Upon returning home Anita is kidnapped by Gaynor's bodyguards and taken to his home, where Anita finds that Salvador has used her influence to gain bail. Gaynor informs Anita that he and Salvador are going to force Anita to raise a relative of Gaynors using his ex-lover Wheelchair Wanda, who has also been kidnapped. Anita refuses, which prompts Salvador to go to another room to begin a spell that would compel Anita to obey her. Anita manages to kill the bodyguards holding them captive and tries to escape with Wanda, only for the compulsion spell to force her to return to the cemetery near Gaynor's home. At the cemetery Salvador informs Anita that she gave Peter a gris-gris to raise his power enough to raise Gaynor's ancestor, as she was unwilling to perform a human sacrifice in front of witnesses. However, because Gaynor's ancestor was an animator, he rose as an uncontrollable flesh-eating zombie and Burke was murdered to keep the animation a secret.

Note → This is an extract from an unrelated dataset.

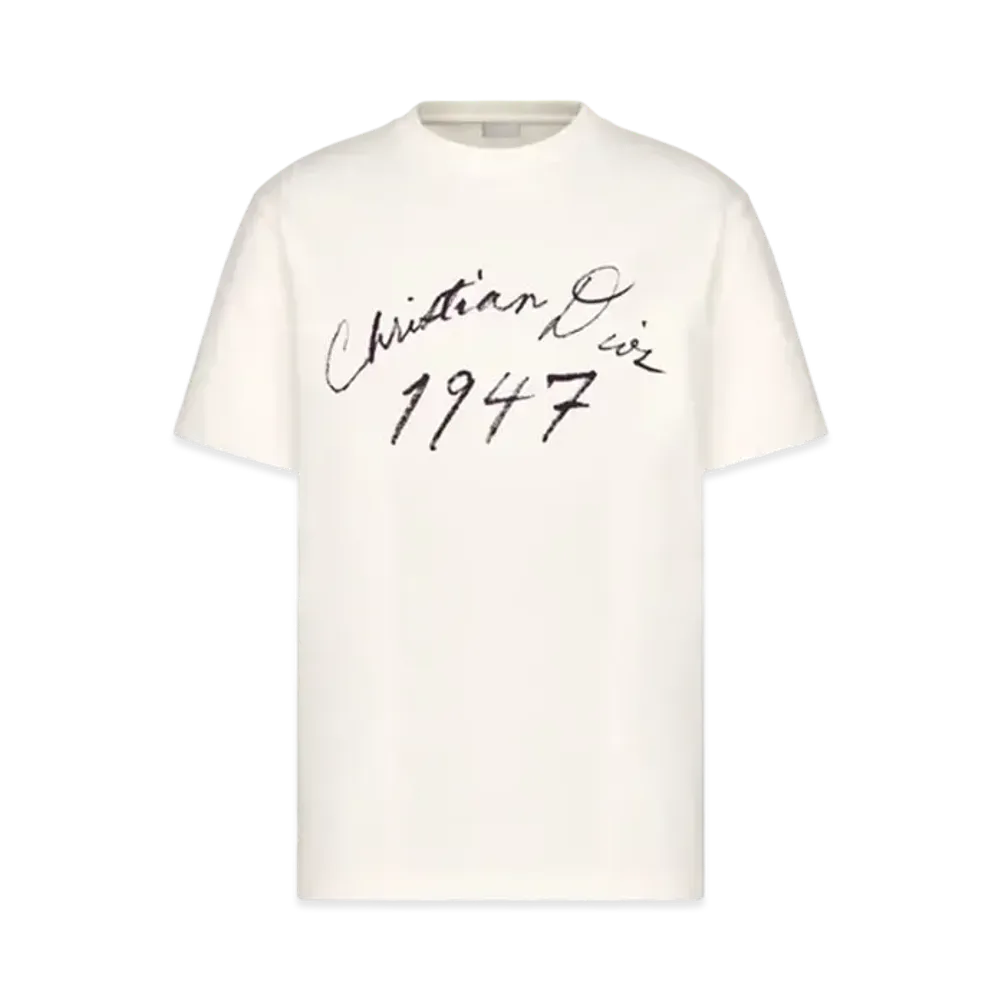 Dior Men's Handwritten Christian Dior Relaxed-Fit T-Shirt Cotton Jersey "White"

Salvador orders Anita to "perform human sacrifice", but due to a loophole in the spell Anita only has to perform the command literally and kills the guards holding Wanda. The resulting power from their sacrifice allows Anita to raise and control every corpse in the cemetery and she commands them to kill both Salvador and Gaynor. Anita then lays the zombies to rest. In the epilogue Anita explains that the "disappearances" of Salvador and Gaynor have never been solved, that she continues to refuse Jean-Claude, and that she is now considering the extent and implications of the power she now realizes she has.

==Characters==

- Anita Blake
- Dominga Salvador
- Jean-Claude
- Edward
- Harold Gaynor

==Reception==
Reception for the first volume of The Laughing Corpse graphic novel was positive, with Marianne de Pierres's blog stating that the "graphic novels maintain a good balance between dialogue and illustrations and the story keeps up an intense pace".